La madre a mil leguas de camino la amonesta y le pide reflexiones, pero no ejercen ninguna influencia sobre la insensata, llegada ya tan adelante en el camino de sus locuras que no comprende que no se la comprenda. ¿Por qué no gozar de la vida? No tiene ningún otro sentido sino ése. Y con conmovedora franqueza responde a las advertencias maternas que le comunica el embajador Mercy: «¿Qué quiere? Tengo miedo de aburrirme».

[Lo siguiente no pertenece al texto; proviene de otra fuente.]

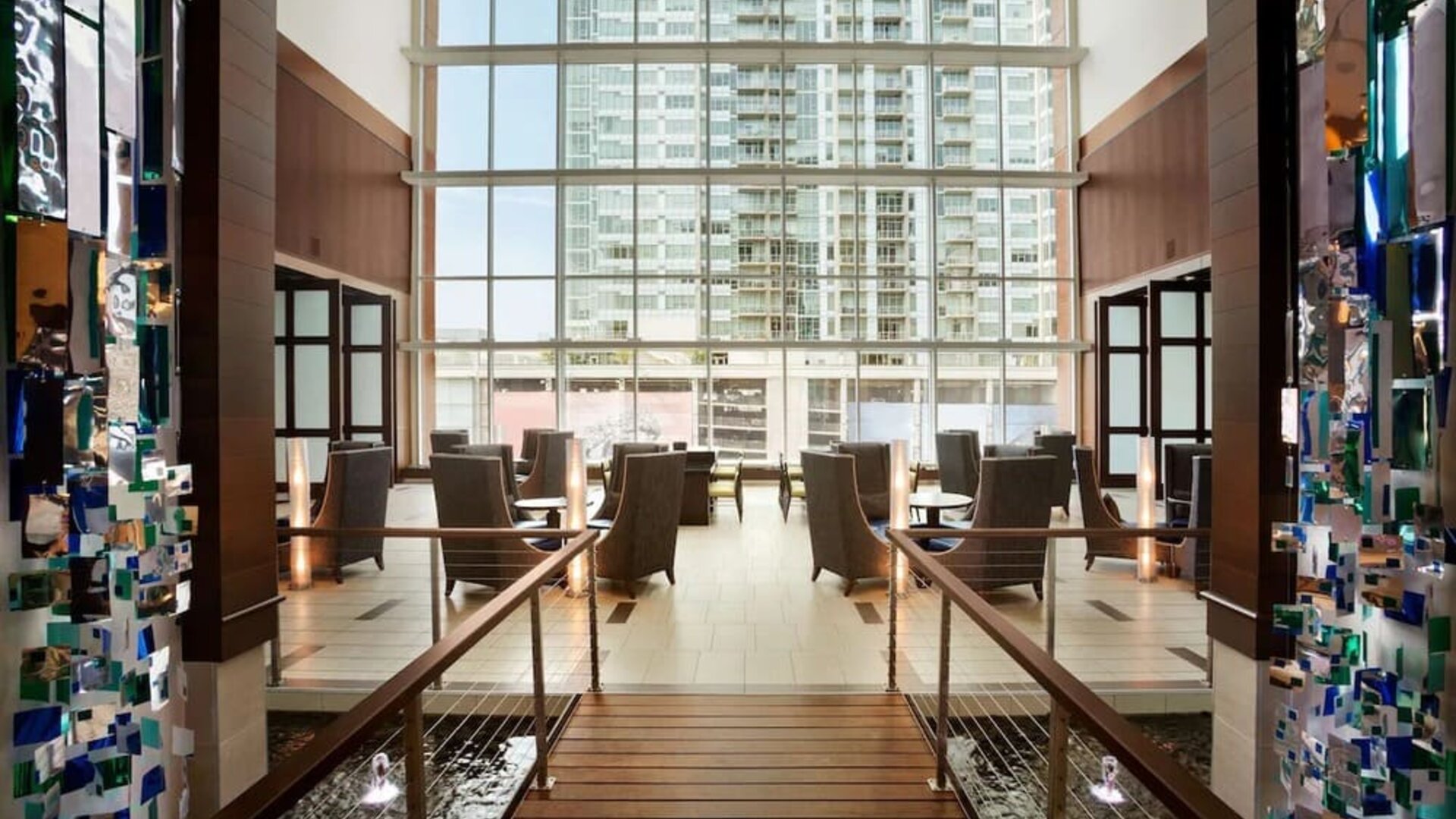 Lobby and coworking lounge at Embassy Suites By Hilton Denver Downtown Convention Center.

«Tengo miedo de aburrirme.» Con esa frase ha pronunciado María Antonieta la palabra definidora de su tiempo y de toda su sociedad. El siglo XVIII toca a su fin, ha realizado su sentido. El reino está fundado, Versalles construido; la etiqueta es perfecta; la corte ahora, no tiene en realidad ya nada más que hacer; los mariscales como no hay guerra, se han convertido en puros títeres de uniforme: los obispos, como aquella generación ya no cree en Dios, son unos galantes señores con sotana violeta; la reina, como no tiene al lado un verdadero rey, ni un heredero del trono que educar, se ha trocado en una alegre mundana. Aburridos y sin comprender, se alzan todos ellos ante las poderosas mareas de la época, y si a veces se sumergen en ellas con curiosas manos, sólo es para extraer algunas piedrecillas brillantes; sonriendo como los niños, al ver lo fácilmente que relumbran entre sus dedos, juegan con el monstruoso elemento. Pero nadie, entre ellos, sospecha el crecimiento cada vez más rápido del nivel de las aguas; y cuando por fin advierten el peligro, la huida es ya inútil, el juego está perdido y su vida amenazada.